Mmh alors là c’est la partie un peu compliquée, parce que j’ai pas la science infuse. La voie de YouTube marche pas trop mal pour moi, parce qu’elle me convient. Pour autant, peut-elle convenir à tout le monde ? En vrai je veux surtout pas paraître donneur de leçons, « fais ci fais ça » : trouve TA façon de communiquer, trouve TA façon de distribuer ta musique aux gens, trouve TES solutions. On est à une époque où 100 groupes inconnus sortent un album tous les jours, et ils se noient tous les uns les autres. Je pense que se demander comment faire les choses différemment, comment communiquer différemment, c’est un bon début. Si tu fais comme tous les autres, ton album va probablement être oublié comme tous les autres.
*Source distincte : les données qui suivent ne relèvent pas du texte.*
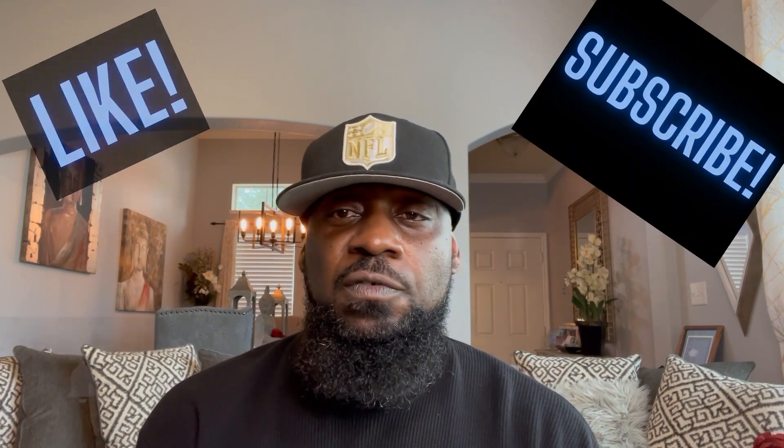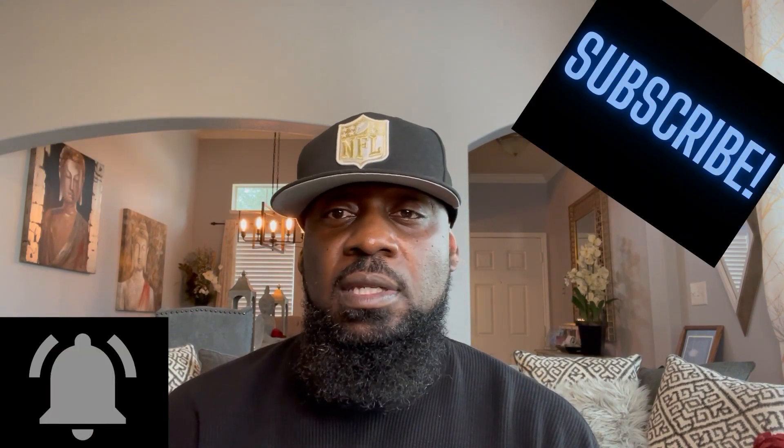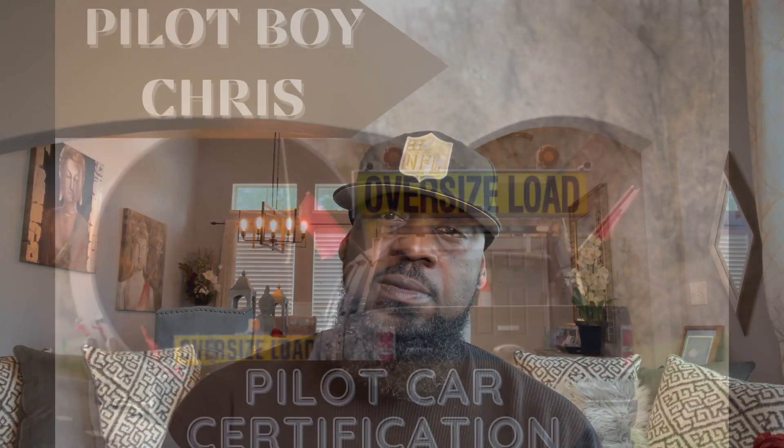We're coming to the end of the video. Make sure you like, subscribe, hit the notification bell, and drop in the comments to let me know where you're coming from, what industry you're in, what has you looking at the pilot car industry, and what you think about it so far. I appreciate the support — I'll see you guys on the next one.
Du coup arrête peut-être de faire des albums. Organise tes morceaux autrement. Ou pas. Mais pense différemment. On est sur un media très récent, je pense qu’il y a encore énormément de choses qui restent à prouver, beaucoup trop de choses pour que je me permette de dire : « oui, tu dois impérativement ouvrir une chaîne YouTube et sortir une compo tous les mois pour réussir dans la musique. » En vrai j’en sais rien. Du coup mon vrai conseil c’est : sois débrouillard. N’attend rien de personne. Tu veux enregistrer un morceau ? Enregistre un morceau. T’as pas le matos pour ? Sérieux pirate un logiciel et débourse 200€ dans un micro et une carte son et hop tu l’as ton matos (et si t’as pas de thunes fais deux soirées de babysitting et hop). Tu veux faire un clip ? Fais un clip, avec un smartphone comme caméra s’il le faut. Lance-toi. Bouscule le monde. Personne ne viendra te chercher, donc si tu veux faire des trucs, c’est à toi de mettre les mains dans le cambouis. Voilà mon conseil : bouge-toi putain.

Propos recueillis par THEODOROU Valentine, GUILLEE Léa et BRASSIERE Chloé.